シュゲイン帝国はあらゆるものが、優れているのです。
それがまた各国の憧れの的でもあります。
「最初の加盟国は帝国も合わせて六カ国だったのですが、今は加盟国が三十カ国に増えています」
「そんなに?」
「はい。実を申しますと、加盟すれば経済の恩恵を受けられるだけではなく、安全保障の恩恵も受けられるのです」
「安全保障?」
「帝国が加盟している国を守ってくれるというものです」
「そうなの?」
「はい。帝国が守ってくれるので、その国の経済や安全は保証されます」
「貿易でのメリットがなくとも加盟するわね」
「その通りです。加盟国の中には安全保障を目的にする国も多くありますので」
「でしょうね」
狙われやすい国や、軍隊が小規模な国などはこぞって入りたがるに違いありません。
ロラン王国もそれが目的なのかも……。
数十年前は隣国に領土を狙われていたとも聞きますし、歴史の授業でも領土争いが何度も起きていたそうですから。
「国境検査がない、ということは、帝国では準国民のような扱いを受けられることも意味していますので」
「準国民?」
「はい」
別の意味で面白い政策だと思ったのです。
そうして、ジャンヌが何故、行き先をシュゲイン帝国にしたのかという理由が分かりました。

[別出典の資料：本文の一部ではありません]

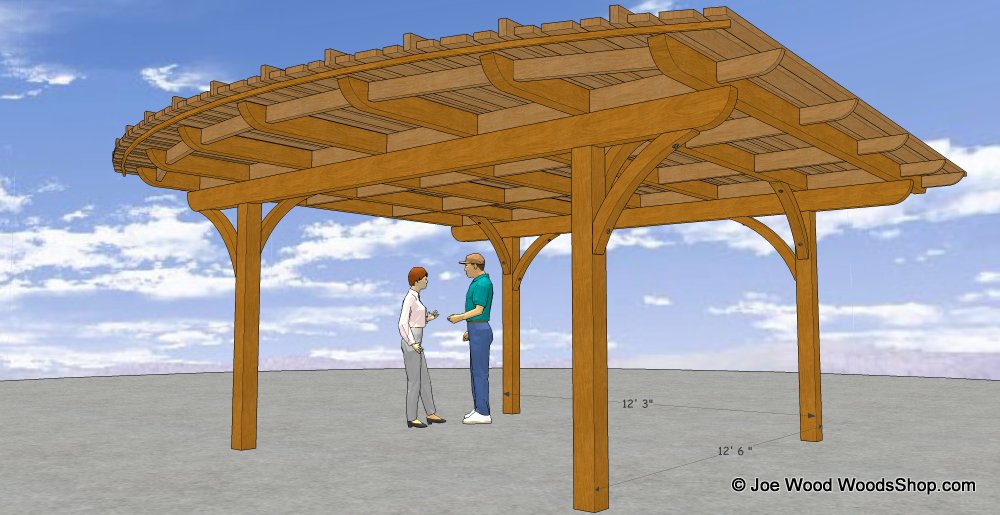 Curved Patio Cover Plans 3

シュゲイン帝国に行くならば、面倒な手続きもなく出国できますし、なによりも準国民扱いになるのです。他の国に行くよりもずっとリスクは低いと判断したからでしょう。
それに、帝国は祖母の祖国でもあります。
母方の祖母で、ギーズ元公爵夫人。
私のお母様を産んですぐに亡くなられたましたが、帝国出身だと聞いていました。
もっとも、帝国にいるであろう親族と交流を持ったことは一度もありませんでしたが。
こればかりは仕方がない面もあるのです。
大陸の端に位置するロラン王国は、シュゲイン帝国から遠すぎます。
いくつもの国を経由しなければなりませんし、船で直接行くこともできません。
列車ができたのが私が生まれる少し前だという話ですし、馬車で移動となるとそれだけで大変というもの。おいそれと来られない距離ですからね。
それを考えますと、お母様も帝国にいる親族のことは何も知らなかったのでしょう。
私、何も聞かされていませんもの。
あれこれと考え込んでいたせいでしょうか。
私はジャンヌが小さな呟きを漏らすのを聞き逃していました。